:: Exercise description ::
Leave the images behind and copy every record exactly.
━━━━━ Available records
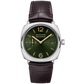 Panerai Radiomir Stainless Steel 40 MM - Dark Brown Alligator Strap - Green Sun-brushed Dial - PAM01386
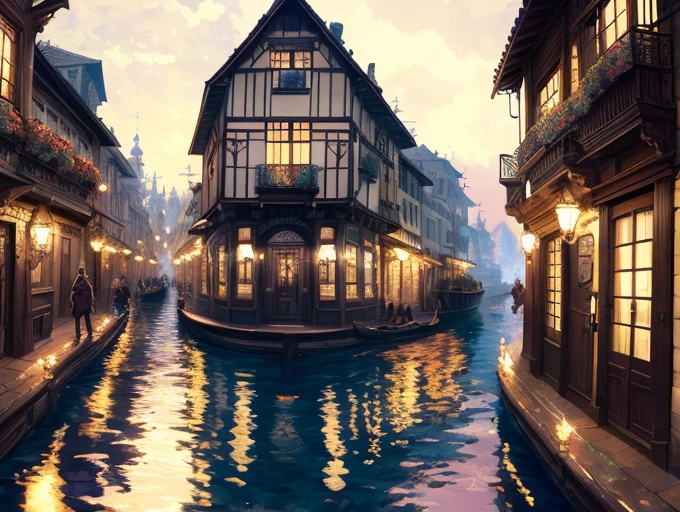 RAW wideangle photo, 18th century port town, a lively and crowded place, filled with sailors, merchants, and all kinds of people. narrow streets, tall houses, and a busy harbor, epic, ominous, highly detailed, intricate environment, digital matte painting, outdoor, panoramic street view, concept art, mystery, sharp focus, illustration, art by artgerm and greg rutkowski and magali villeneuve and alphonse mucha and rossdraws and wlop and craig mullins and James Jean and Andrei Riabovitchev and Marc Simonetti and peter mohrbacher, background by james jean and gustav klimt, light by John Salminen, 4k uhd image, octane render, awesome, 8k, award winning art, cinematic lighting, high detail, intricate, ethereal, magical, otherworldly, dark fantasy, hyperrealistic, dreamlike, inky, old age, hypermaximalist, (decay:1.3), (grit:1.3), (neglect:1.3), to8contrast style RFKTR_sinetempore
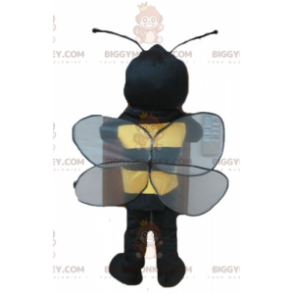 Smiling Black and Yellow Wasp Bee BIGGYMONKEY™ Mascot Costume –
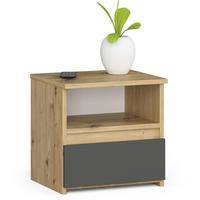 NACHTTISCH Eiche Artisan, Graphit Grau 40/40/35 - Eiche Artisan, Holzwerkstoff (40/40/35cm) - RAUMHIRSCH FURNITURE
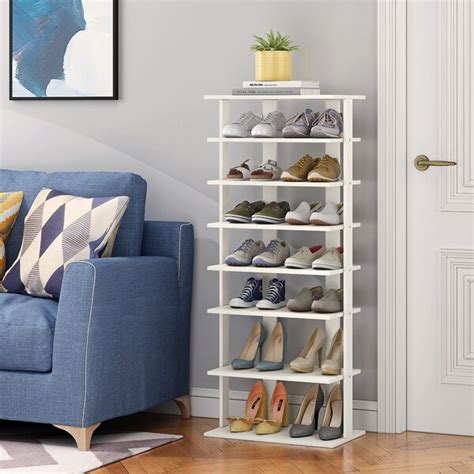 They hold a lot of things without. Ebern Designs Double Rows 7-tier Shoe Rack Vertical ...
━━━━━━━━━━
:: Answer space ::
 Panerai Radiomir Stainless Steel 40 MM - Dark Brown Alligator Strap - Green Sun-brushed Dial - PAM01386
 RAW wideangle photo, 18th century port town, a lively and crowded place, filled with sailors, merchants, and all kinds of people. narrow streets, tall houses, and a busy harbor, epic, ominous, highly detailed, intricate environment, digital matte painting, outdoor, panoramic street view, concept art, mystery, sharp focus, illustration, art by artgerm and greg rutkowski and magali villeneuve and alphonse mucha and rossdraws and wlop and craig mullins and James Jean and Andrei Riabovitchev and Marc Simonetti and peter mohrbacher, background by james jean and gustav klimt, light by John Salminen, 4k uhd image, octane render, awesome, 8k, award winning art, cinematic lighting, high detail, intricate, ethereal, magical, otherworldly, dark fantasy, hyperrealistic, dreamlike, inky, old age, hypermaximalist, (decay:1.3), (grit:1.3), (neglect:1.3), to8contrast style RFKTR_sinetempore
 Smiling Black and Yellow Wasp Bee BIGGYMONKEY™ Mascot Costume –
 NACHTTISCH Eiche Artisan, Graphit Grau 40/40/35 - Eiche Artisan, Holzwerkstoff (40/40/35cm) - RAUMHIRSCH FURNITURE
 They hold a lot of things without. Ebern Designs Double Rows 7-tier Shoe Rack Vertical ...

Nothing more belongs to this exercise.